Lady Gaga

Joanne

BY Ryan McNuttPublished Oct 21, 2016

6
Sometimes you have the pop zeitgeist in your grasp, and sometimes you don't. Lady Gaga's 2013 album ARTPOP certainly didn't: as pop music was making a turn towards performed autobiography (Beyoncé, Taylor Swift), Gaga's art-school electro-clash sex party played cold and distant to many.
 
Joanne, Gaga's first solo record in three years, arrives with a stripped-down image, more acoustic instrumentation and a title named after the artist's late aunt. (It's also Gaga's middle name.) Ostensibly a more personal record, it's still as genre-restless as most of Gaga's work, with lyrics that continue to invite dual readings as commentary on her relationship with her audience.
 
Where Gaga and her collaborators (including producers Mark Ronson and BloodPop) falter is in the songs themselves. Lead single "Perfect Illusion" is emblematic: a thrilling setup and outro with a flailing flop of a chorus in between.
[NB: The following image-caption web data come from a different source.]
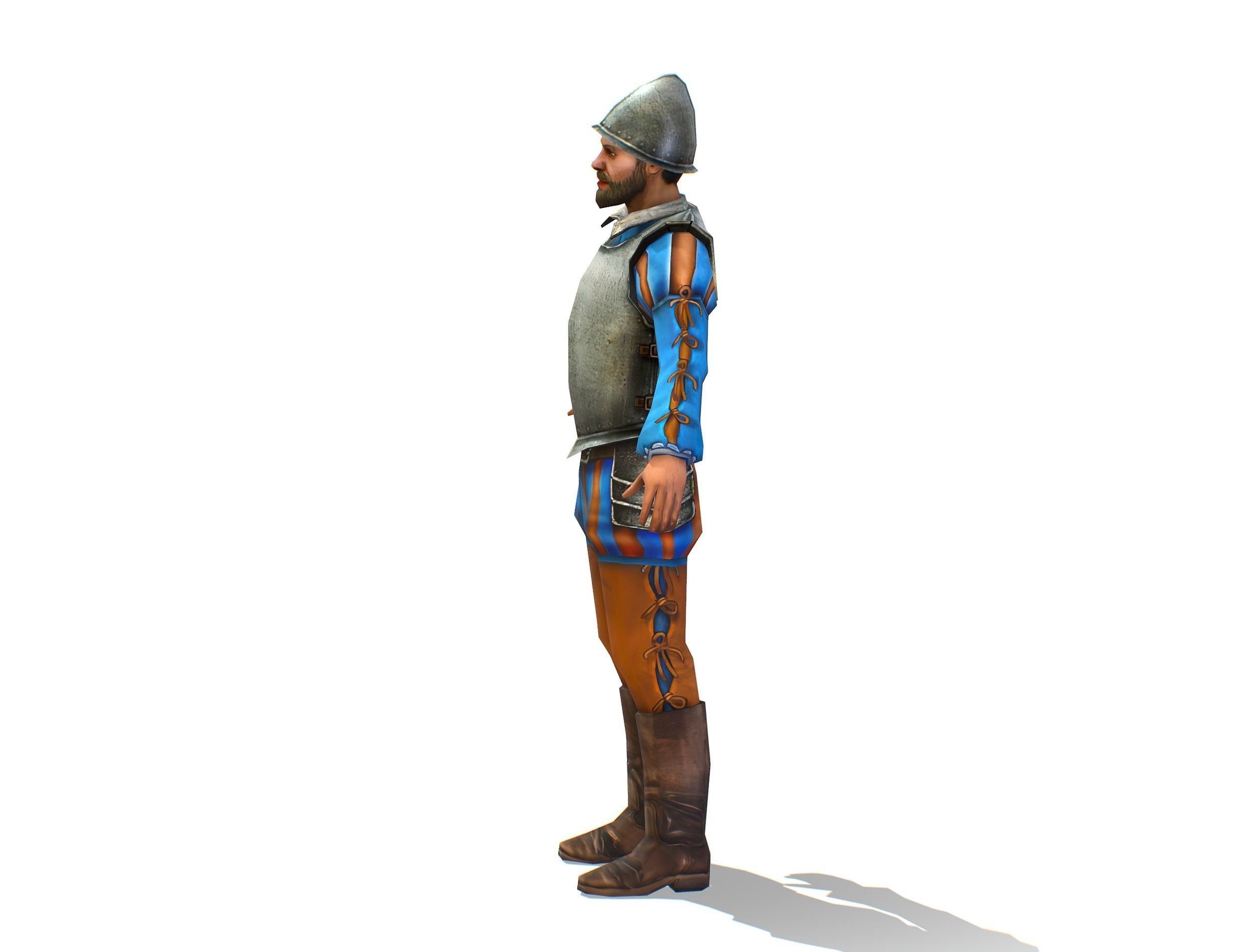 3D model Old Man Spanish Canquistador Officer VR / AR / low-poly | CGTrader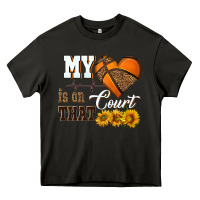 Asphalt my heart is on that court Heavy Core Tee - HRA Design Shop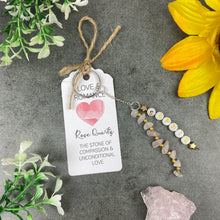 Load image into Gallery viewer, Rose Quartz Personalised Keyring
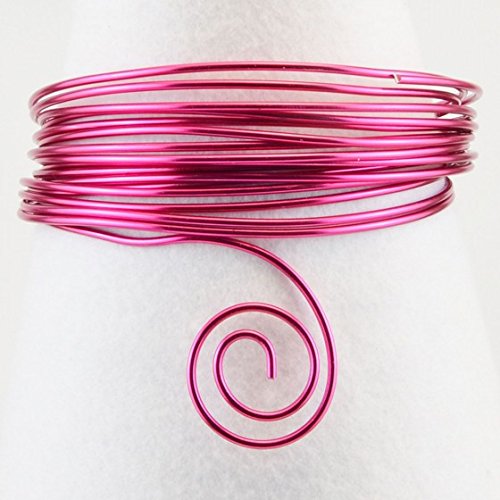 Vaessen Creative Basteldraht und Schmuckdraht 60 m x 2 mm Strong Pink – Flexibler Draht zum Basteln für Blumenkranz, Scmuckherstellung und Modellbau von Vaessen Creative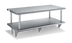 Thumbnail image #1 for Heavy Duty Double Pass-Thru Shelf With Over Shelf, 60 Inches W x 24 Inches D, 304 Stainless Steel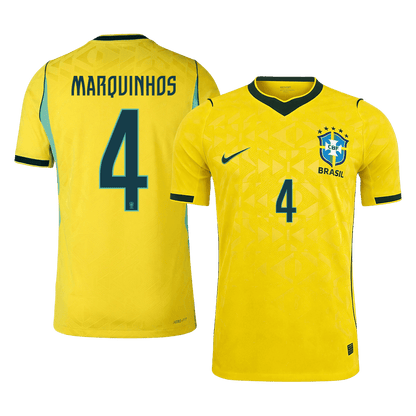 MARQUINHOS #4 Brazil Home Soccer Jersey 2026 Player Version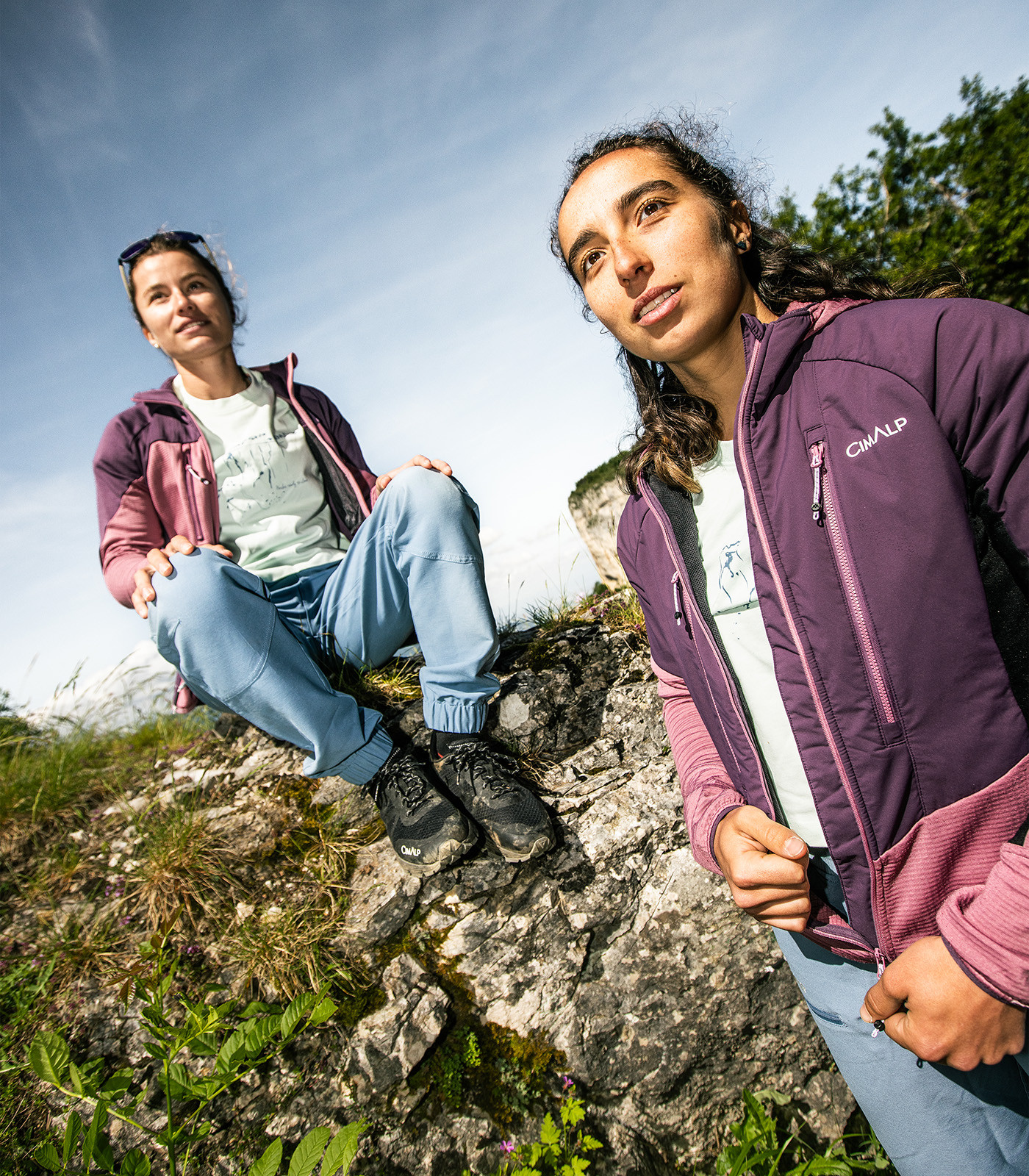 Maglietta da arrampicata 100% cotone biologico da Donna | CIMALP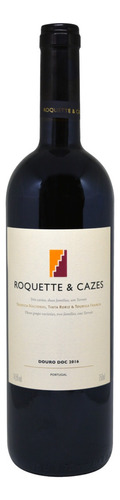 Vinho Touriga Nacional, Tinta Roriz, Touriga Franca Roquette & Cazes 2016 adega Roquette e Cazes 750 ml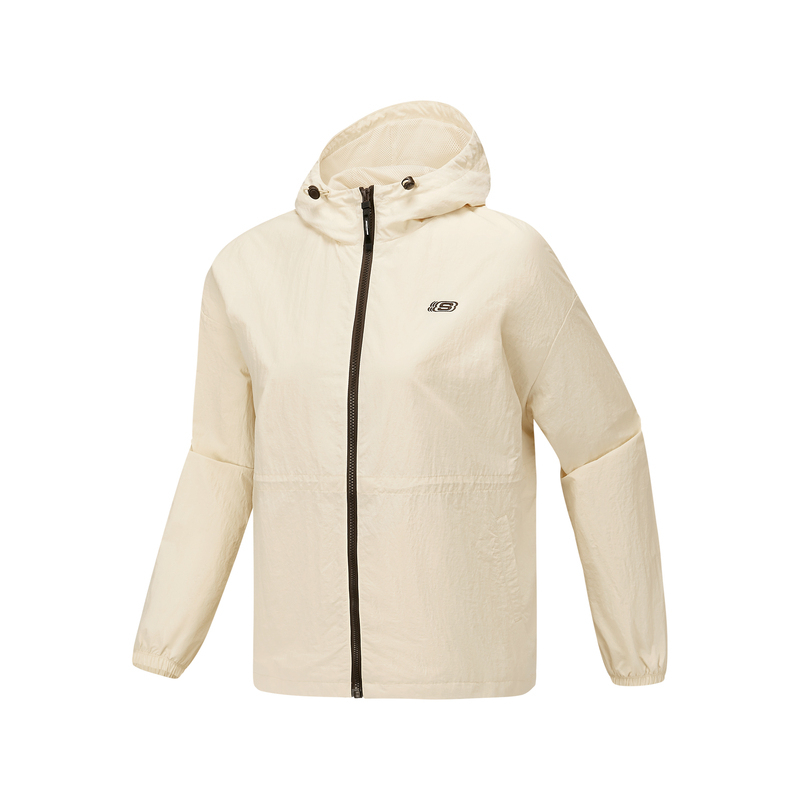 

Skechers Куртка женская спортивная, Ivory White-001J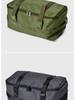 Expandable Outdoor Storage Bag with Luggage Mount, Shoe Pouch, and Sports Pocket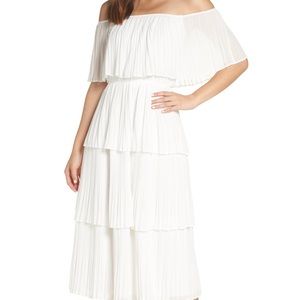 NWT Lulus Gala Ready Ruffled Dress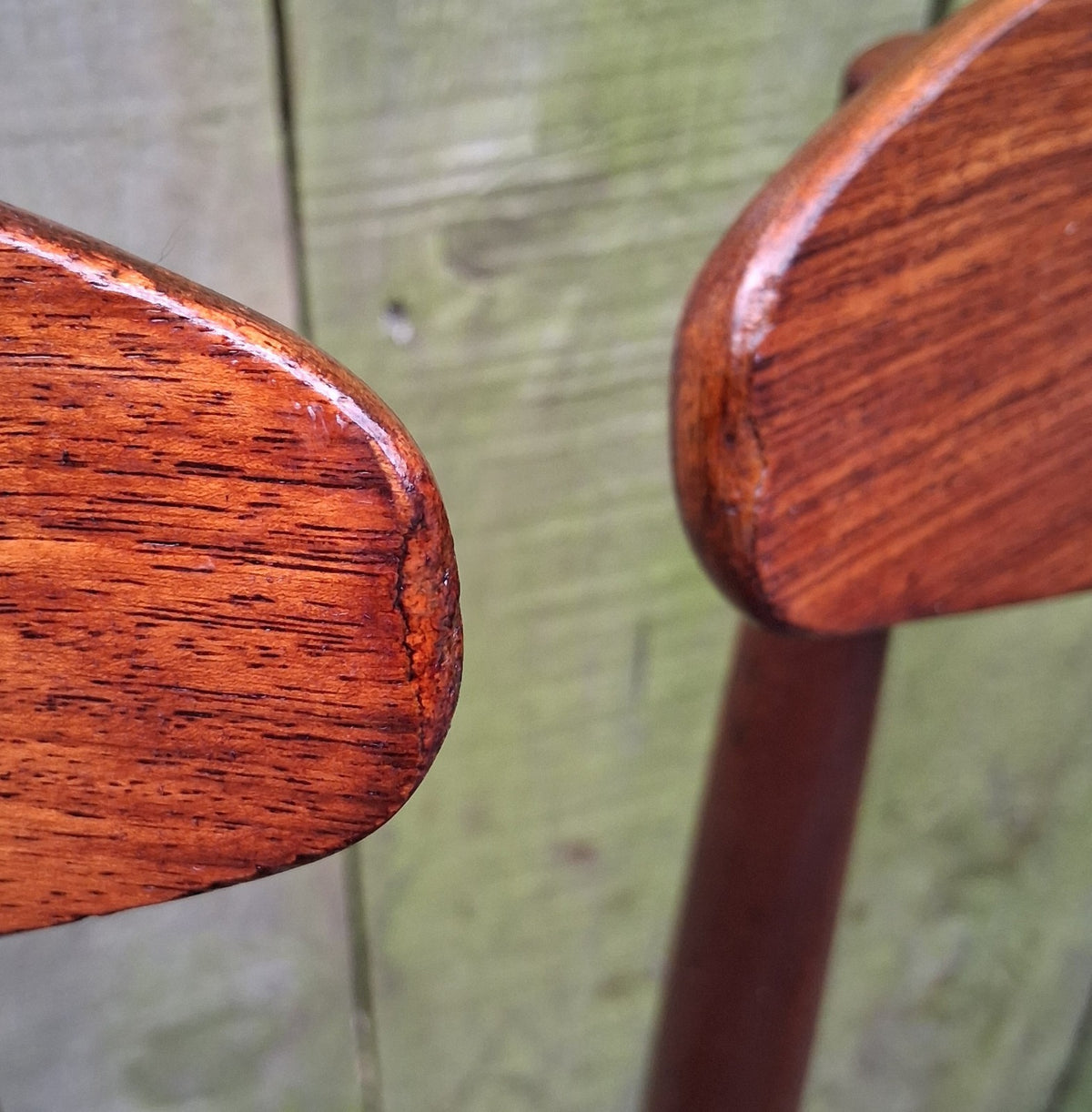 Mid Century Modern 4 GPlan chairs 2 chairs orig Kofod Larsen gold marks 2 reproB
Good sounds abound, but great hooks are harder to come by, and even as Gaga's shortest LP (Fame Monster excepted) Joanne's still burdened with forgettable filler like "Sinner's Prayer" and "Dancin' in Circles."
 
The album's peaks offer compelling paths forward for Gaga — the country balladry of "Million Reasons," the slinky pop of Florence Welch duet "Hey Girl" — but a dearth of memorable melodies makes Joanne's restlessness often feel aimless.